Acho que aquele momento foi único. A gente vivia um tempo obscuro da nossa política, com muita centralização de poder e nós não tínhamos a oportunidade de eleger prefeito, governador, nossos mandatários. Hoje é diferente, já temos essa possibilidade. Então a gente acabou, na verdade, assumindo uma postura de buscar a redemocratização desse país, de contribuir para que o país tivesse uma abertura política. A gente fica feliz de ter podido contribuir naquele momento e eu acho que nós só exercemos o nosso papel de cidadãos.

Você acha que hoje falta um movimento semelhante dos atletas? Falta união, se não para cobrar democracia, para buscar melhores condições, questionar estruturas do futebol que já estão consolidadas?

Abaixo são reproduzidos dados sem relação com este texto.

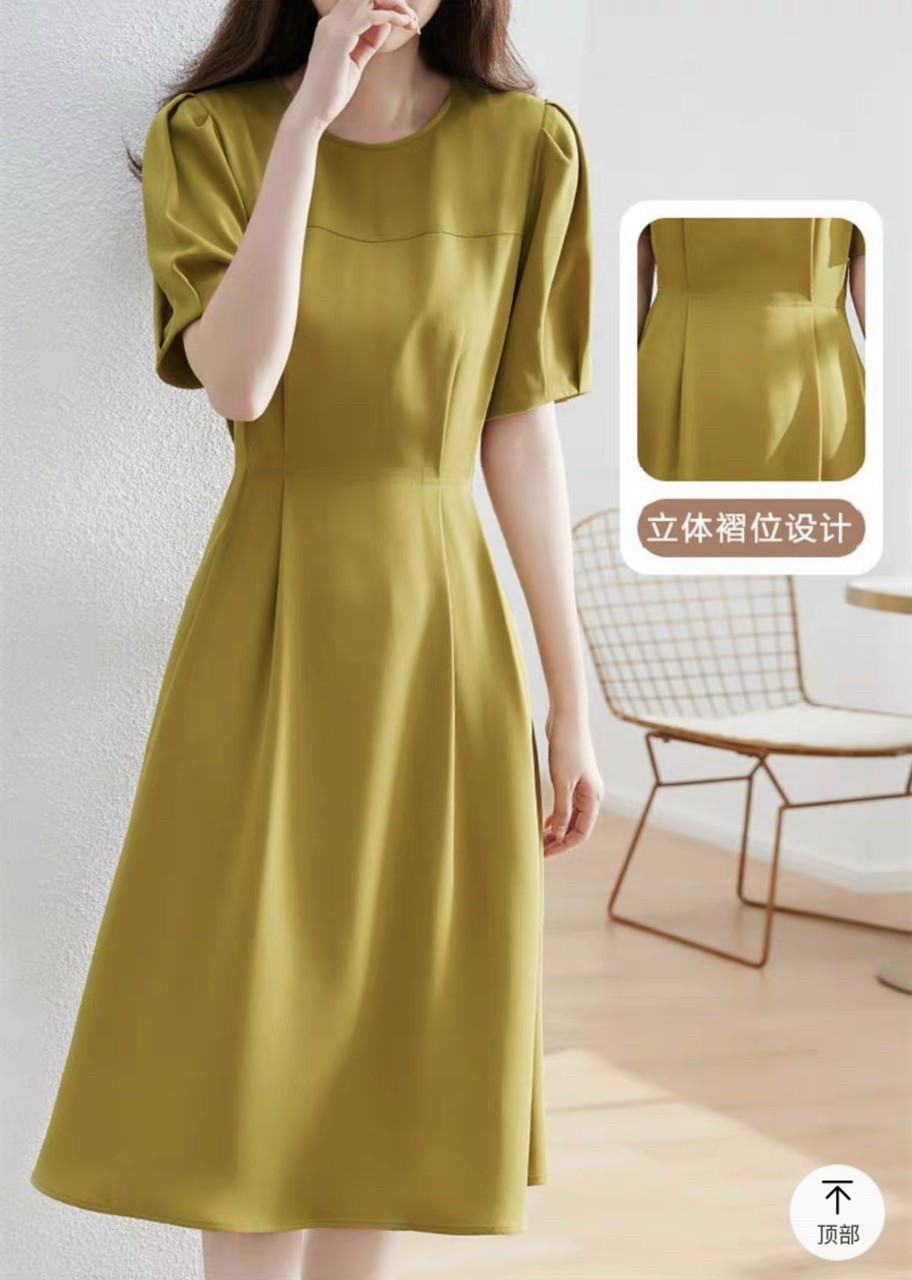 ĐẦM XÒE LỤA MÀU VÀNG TAY XẾP LY THANH LỊCH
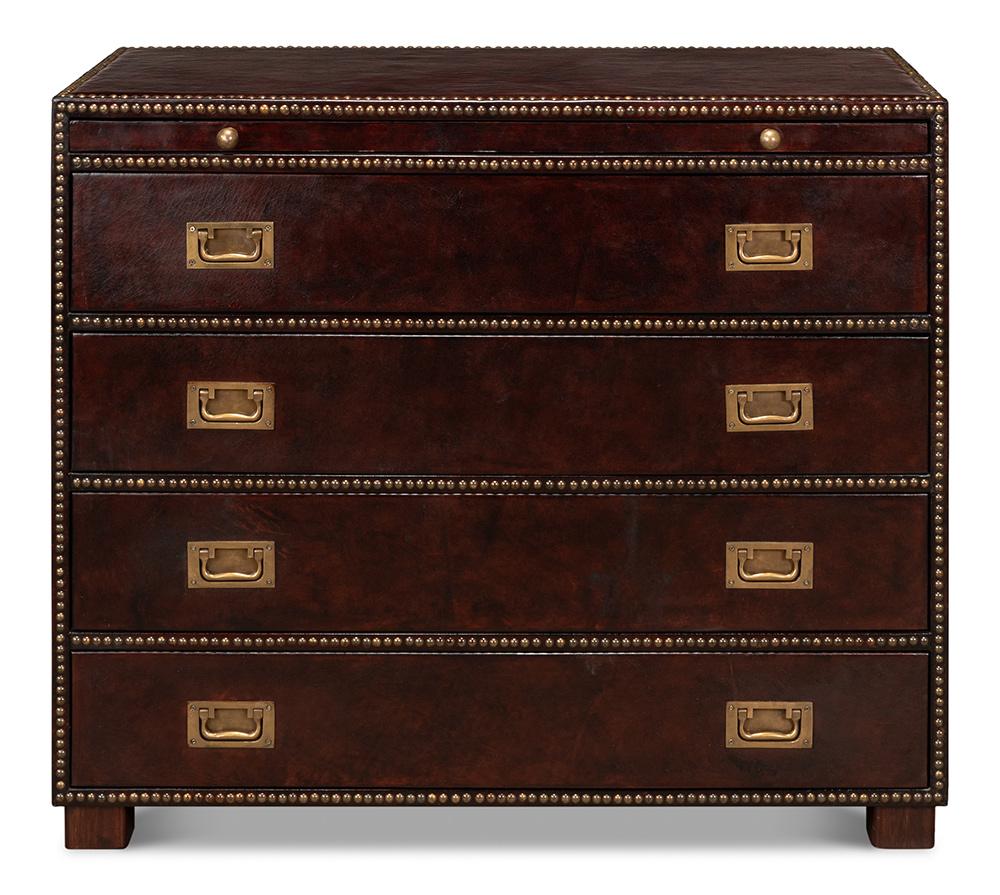 Sarreid Ltd - Studded Gentlemans Chest - Brown - 29541 veiw 2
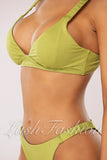 Costum de Baie din Doua Piese Verde Cod : 3128 (012)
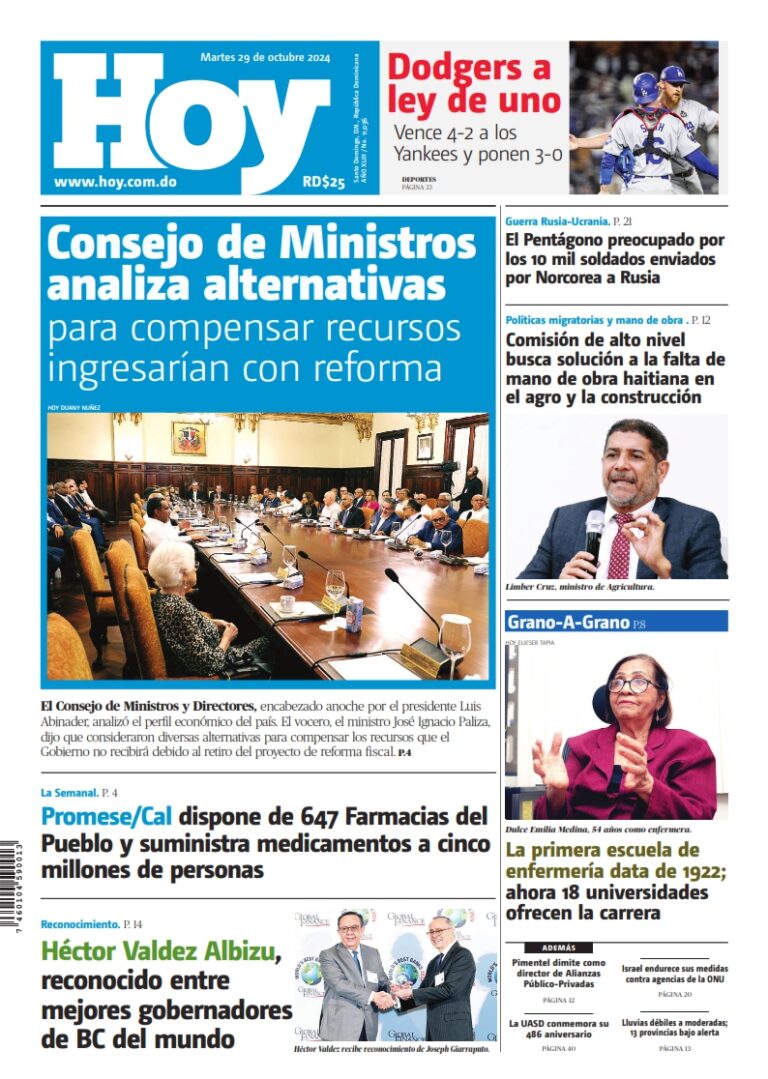 Portada Periódico Hoy, Martes 29 Octubre, 2024 - Dominicana.do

Acho que as melhores conquistas a gente conseguiu. A nossa geração conseguiu. A Lei do Passe, por exemplo [Lei nº 6.354, de 1976] . Na nossa época a lei era escravagista, a gente não tinha liberdade de ir e vir. E a gente conquistou isso. Então, hoje, quando acaba o contrato do atleta ele está livre e isso é tudo que um trabalhador quer. Se ele não quiser mais ficar no clube, ele sai, e se o clube também não quiser, pode mandá-lo embora. São avanços que a nossa geração conseguiu. O universo do futebol é muito autoritário, e as coisas sempre acontecem de cima para baixo e hoje ninguém vai querer bater de frente com dirigentes, enfim. Hoje o marketing esportivo também contribui para que o volume de recursos do futebol seja muito maior e, portanto, eles têm muitas regalias e acabam não tendo interesse em buscar conquistas.

O que você acha que a Copa poderia trazer de discussão para o país que não está trazendo?

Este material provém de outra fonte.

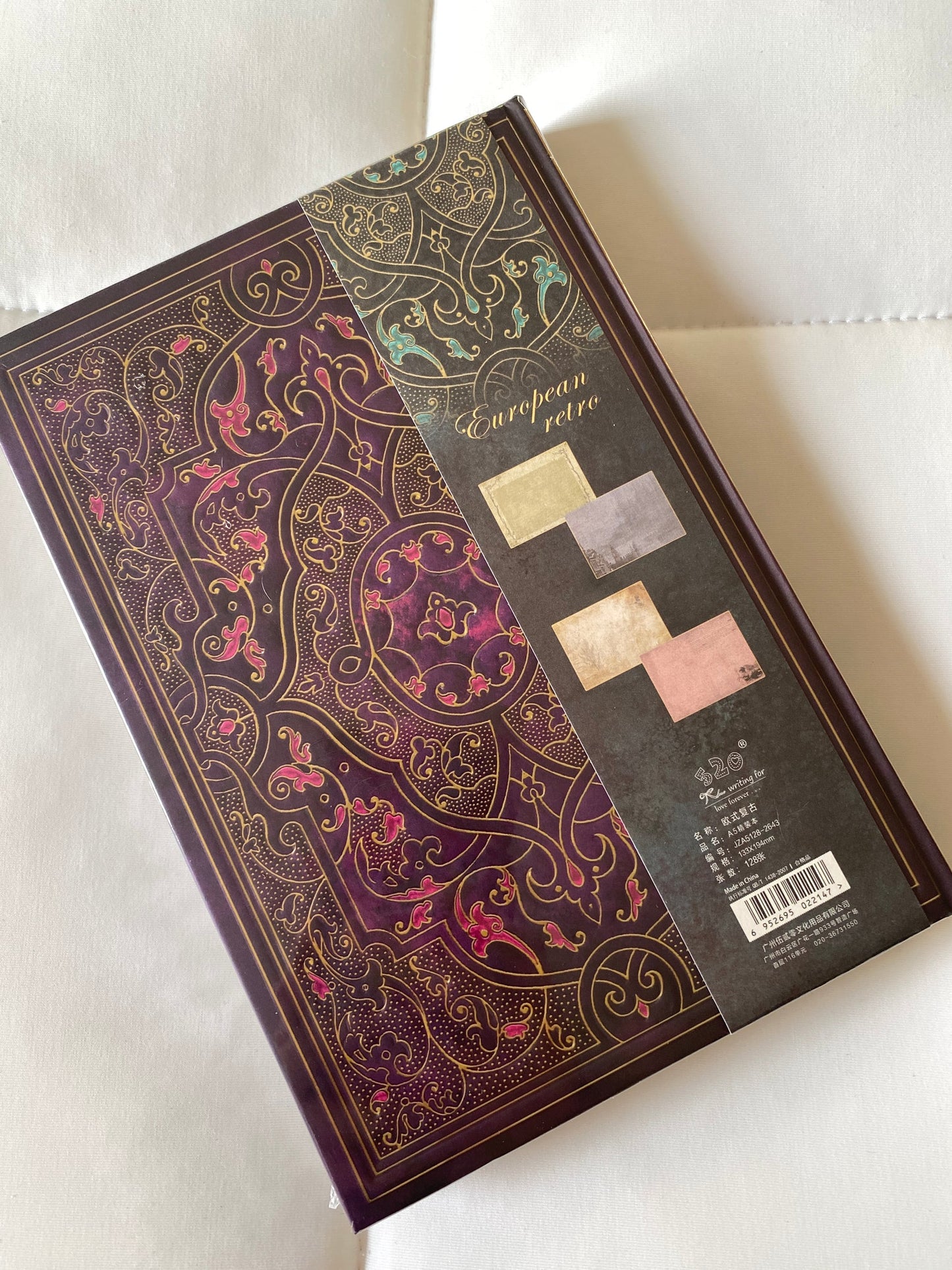 Libreta de pasta gruesa con hoja decorada - EUROPEAN RETRO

Eu diria que a Copa, assim como as Olimpíadas, traria para o Brasil um nível de discussão sobre o que representa o esporte, a atividade física na vida das pessoas, né? Com organização, com equipamentos de alto nível para que as pessoas possam se exercitar, isso gratuitamente. Eu acho que a atividade física, o lazer, é direito de todo cidadão e é um dever do Estado. Penso que o esporte de alto rendimento que é o que representa uma Copa do Mundo, uma Olimpíada, poderia servir de referência para o mundo inteiro, porque o mundo inteiro se une em torno destas competições. Aliás o Kofi Annan, que foi secretário-geral da ONU, fez um artigo uma vez para a Folha de São Paulo sobre como ele inveja a Copa do Mundo, que é um evento que mobiliza cada metro quadrado da terra, as pessoas discutem, existem regras claras de classificação e que ele gostaria, por exemplo, que houvesse uma competição entre esses países sobre o Índice de Desenvolvimento Humano, sobre a mortalidade infantil, sobre a fome. O futebol consegue mobilizar as pessoas, consegue fazer com que as pessoas deem as mãos sem nunca terem se visto e o esporte para mim é isso: confraternizar, respeitar a diversidade e a individualidade. As pessoas hoje vivem doze horas para trabalhar e só. Descansam pouco, se alimentam mal, voltam a trabalhar mais doze horas e o esporte alimenta a alma, né?

Pensando na Copa do Mundo de 2014, você acha que o Brasil dá mais esperança dentro ou fora das quatro linhas?

Olha, sou cético e acho que nem dentro e nem fora de campo. Estou na expectativa.